__Exercise directions__: Only the pictures are to be left out; please reproduce everything else in the data exactly.

__Extracted data__:
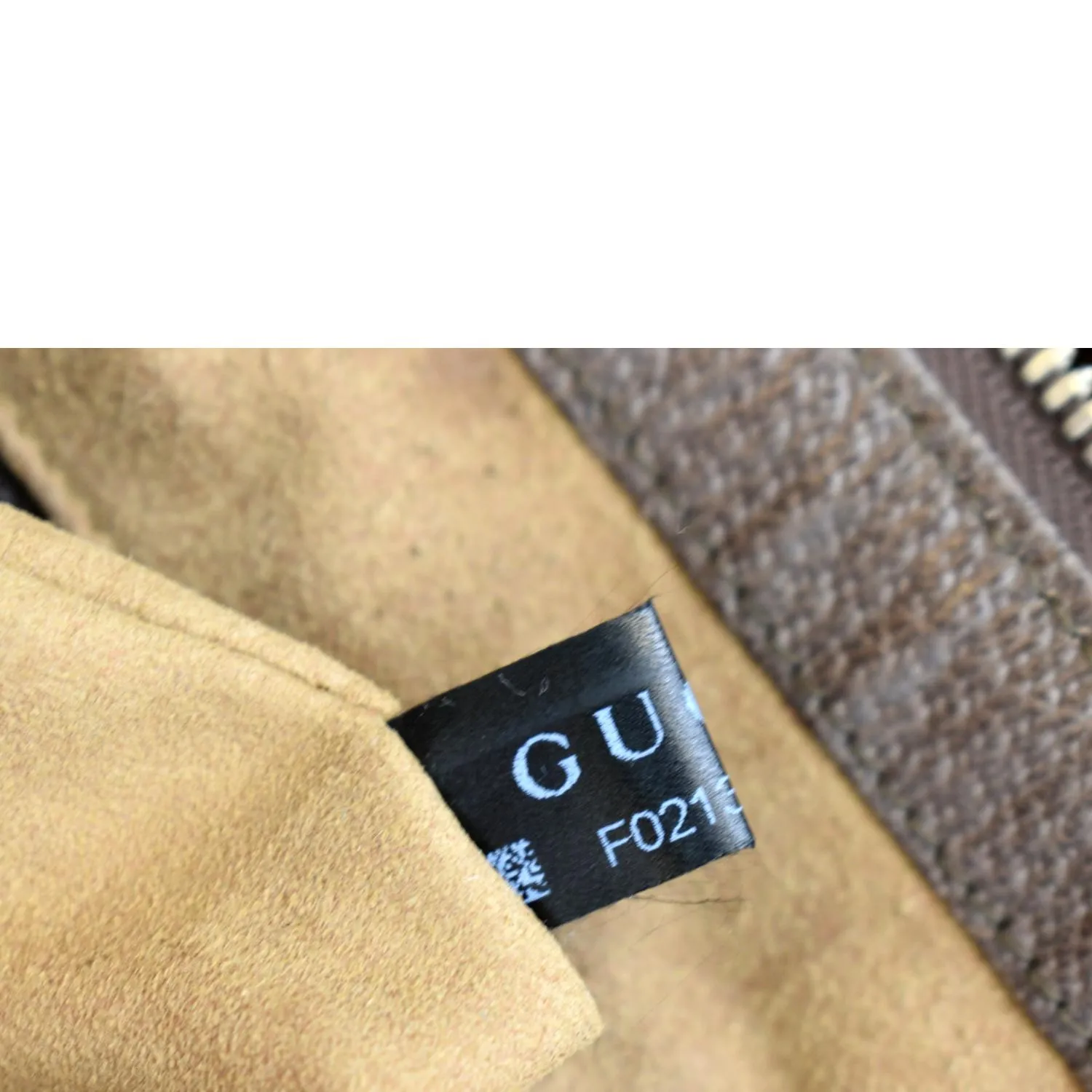 GUCCI Courrier Zip GG Supreme Canvas Messenger Bag Beige 406408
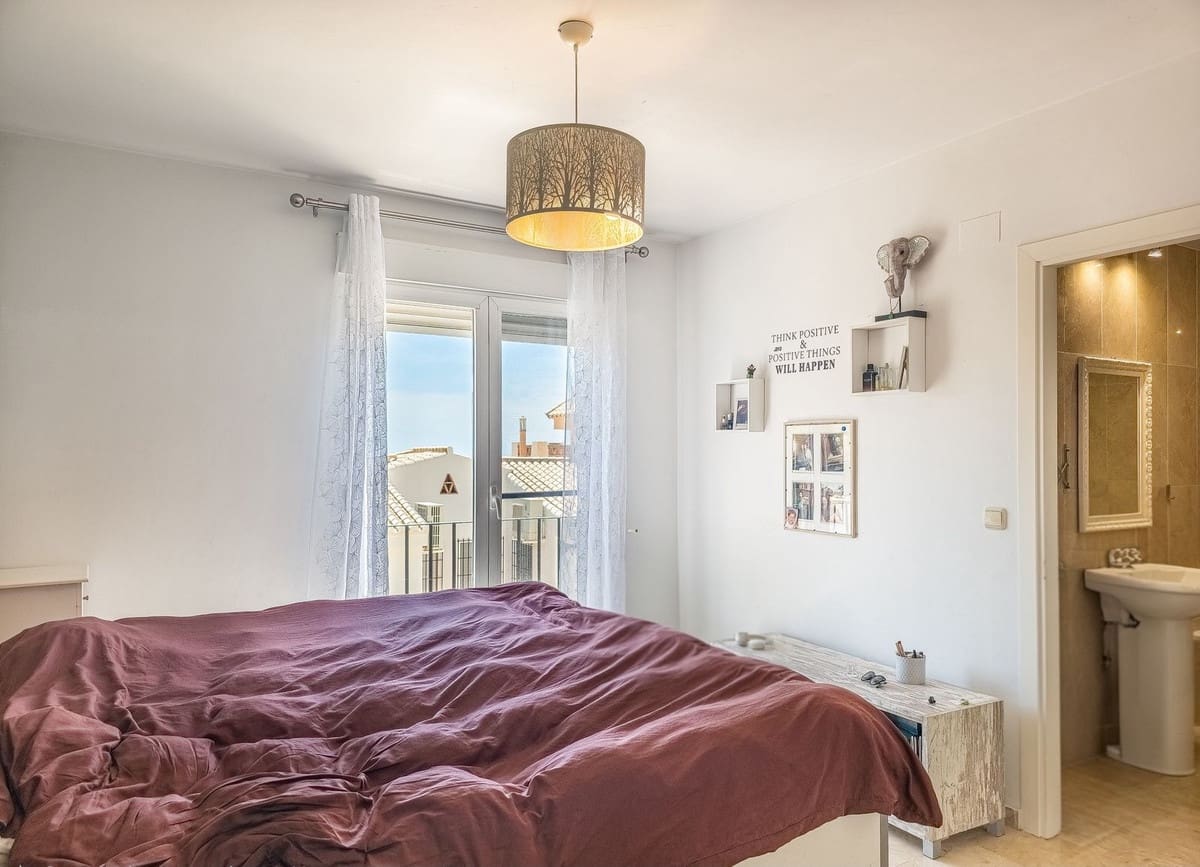 3 Zimmer Doppelhaus zu verkaufen in Salobrena mit Pool Garage - 475.000 € (Ref: 9832748)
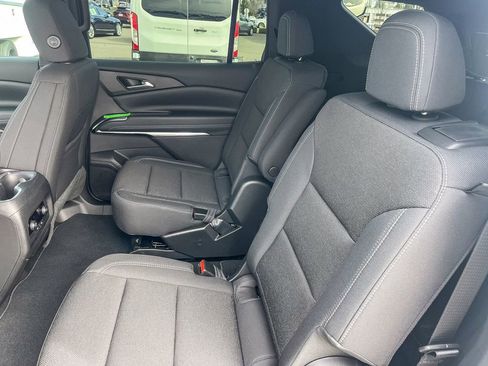 New 2026 Chevrolet Traverse LT w/ Midnight/Sport Edition image 17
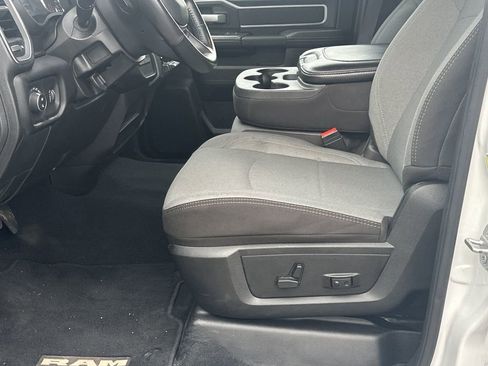 Used 2024 RAM 3500 Big Horn image 9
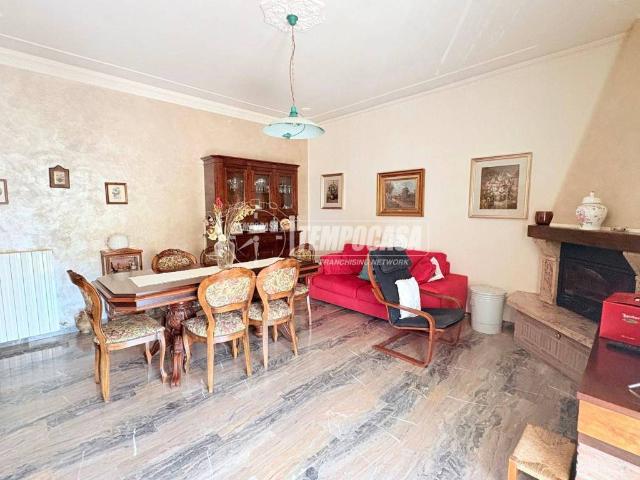 Villa Indipendente in vendita a Unione dei comuni del Distretto Ceramico, Fiorano Modenese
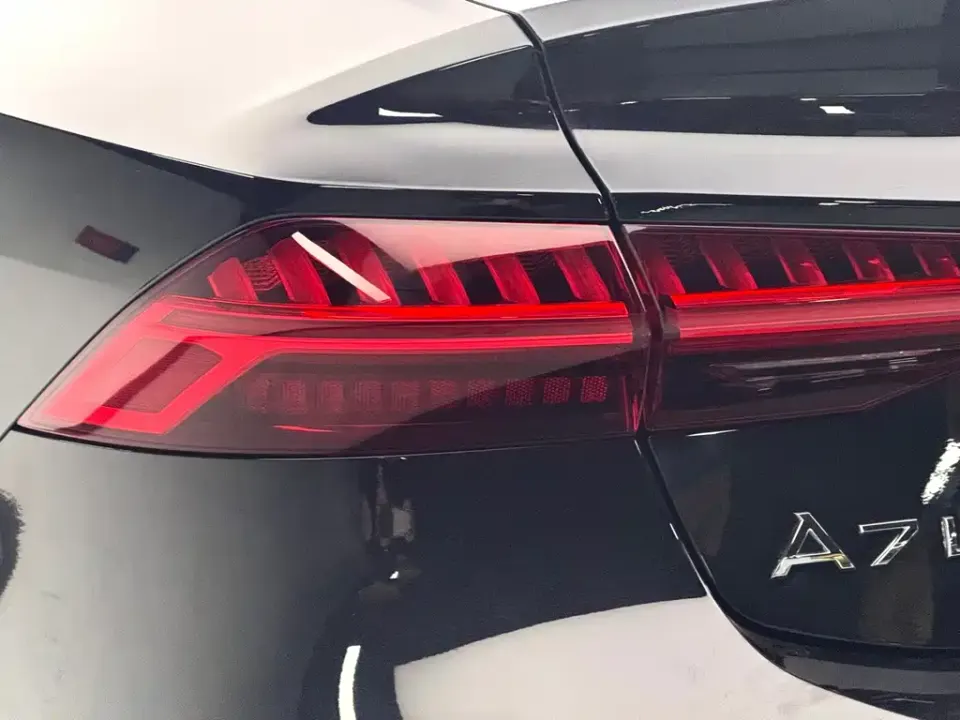 Audi A7L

__Answer to the exercise__:
 GUCCI Courrier Zip GG Supreme Canvas Messenger Bag Beige 406408
 3 Zimmer Doppelhaus zu verkaufen in Salobrena mit Pool Garage - 475.000 € (Ref: 9832748)
 New 2026 Chevrolet Traverse LT w/ Midnight/Sport Edition image 17
 Used 2024 RAM 3500 Big Horn image 9
 Villa Indipendente in vendita a Unione dei comuni del Distretto Ceramico, Fiorano Modenese
 Audi A7L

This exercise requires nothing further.